Le changement climatique fragilise les services publics, notamment via incendies et sécheresses en Californie. Un rapport du SIPA Center on Global Energy Policy de l'Université Columbia prévoit une destructivité des incendies multipliée par 9 d'ici le milieu du siècle. Les marchés financiers minimisent encore ces risques, les percevant comme lointains.

En 2019, la Californie a adopté la « Wildfire Legislation », créant le California Wildfire Fund pour indemniser les services publics victimes de réclamations liées aux incendies.

Au niveau fédéral, le projet de loi infrastructure bipartisane de 1 200 milliards de dollars (adopté au Sénat en août 2021) prévoit 73 milliards pour l'énergie propre et la résilience. Adie Tomer, de la Brookings Institution, plaide pour des investissements ciblés en résilience climatique, numérisation et formation, estimant que 400 millions de dollars au Texas auraient pu atténuer la vague de froid de 2021 (246 morts).

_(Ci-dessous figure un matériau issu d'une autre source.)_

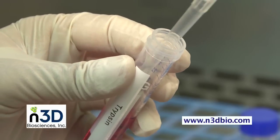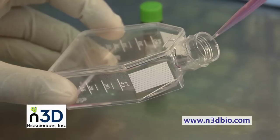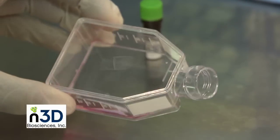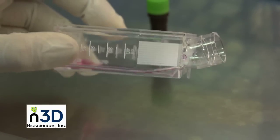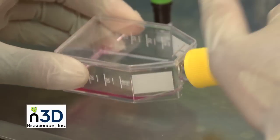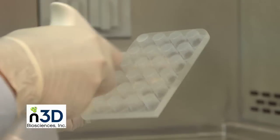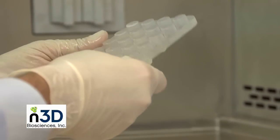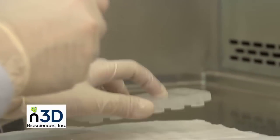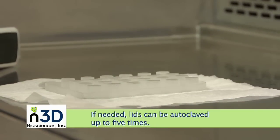Cells must now be detached from the flask. We recommend adding enough trypsin EDTA solution to cover the adhering cell layer. Since cell detachment protocols are cell type specific, we suggest following your lab's established protocol. While waiting for the cells to detach, clean the magnetic drives. If using the 24- or 96-well formats, clean the culture isolation lid with 70% ethanol and dry under sterile conditions. It is important that the lid is completely dry before placing the lid. If needed, the lids can also be autoclaved up to 5 times.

Un rapport Brookings évalue les coûts des catastrophes climatiques extrêmes à 1 800 milliards de dollars aux États-Unis depuis 1980, passant de 17,8 milliards/an (2,9 événements) dans les années 1980 à 81 milliards/an (11,9 événements) dans les années 2010.

Localement, PG&E enterre 16 000 km de lignes électriques pour réduire les risques d'incendie.

L'essentiel

L'augmentation des faillites de services publics est une conséquence inattendue du changement climatique. La faillite de PG&E en 2019 pourrait marquer le début d'une tendance amplifiée par les catastrophes naturelles.

FAQ

La faillite d'un service public interrompt-elle les services ?

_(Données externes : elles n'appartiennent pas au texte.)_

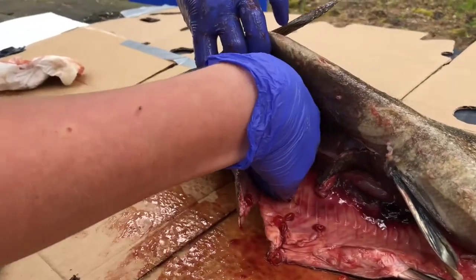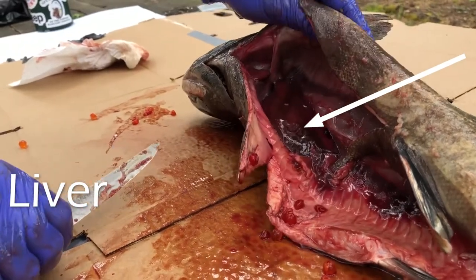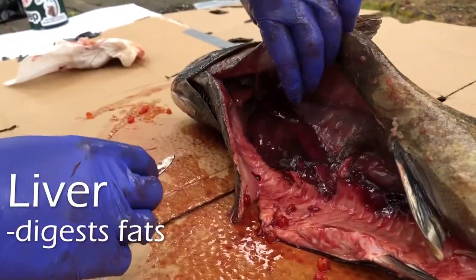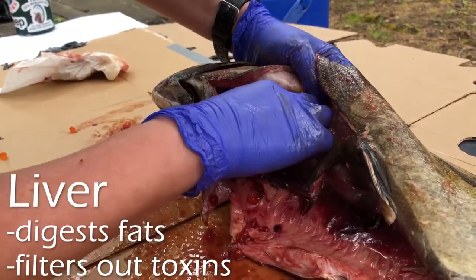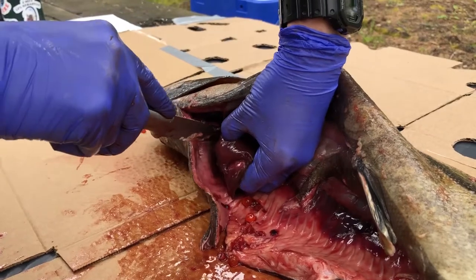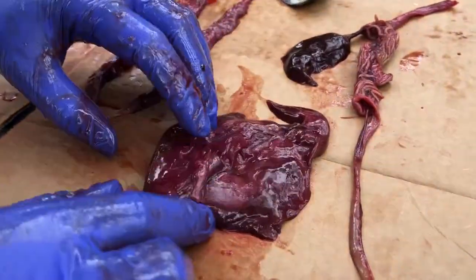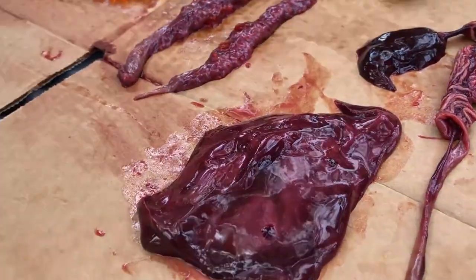Next in here we've got this big organ — this is the liver. The liver's job is to digest fats; it's also part of the digestive system. It is also important for maintaining blood chemistry and filtering out toxins. It's quite dark red because it's full of blood.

Non. Les services publics sont légalement obligés de les fournir. Cependant, les coûts pour les consommateurs peuvent augmenter.

Le changement climatique influence-t-il les faillites de services publics ?

Oui, particulièrement en Californie avec incendies et sécheresses. L'État a créé un fonds d'assurance en 2019 pour couvrir ces réclamations.

Quel est le coût des catastrophes climatiques aux États-Unis ?

1 800 milliards de dollars depuis 1980 selon Brookings, avec une moyenne de 81 milliards/an dans les années 2010.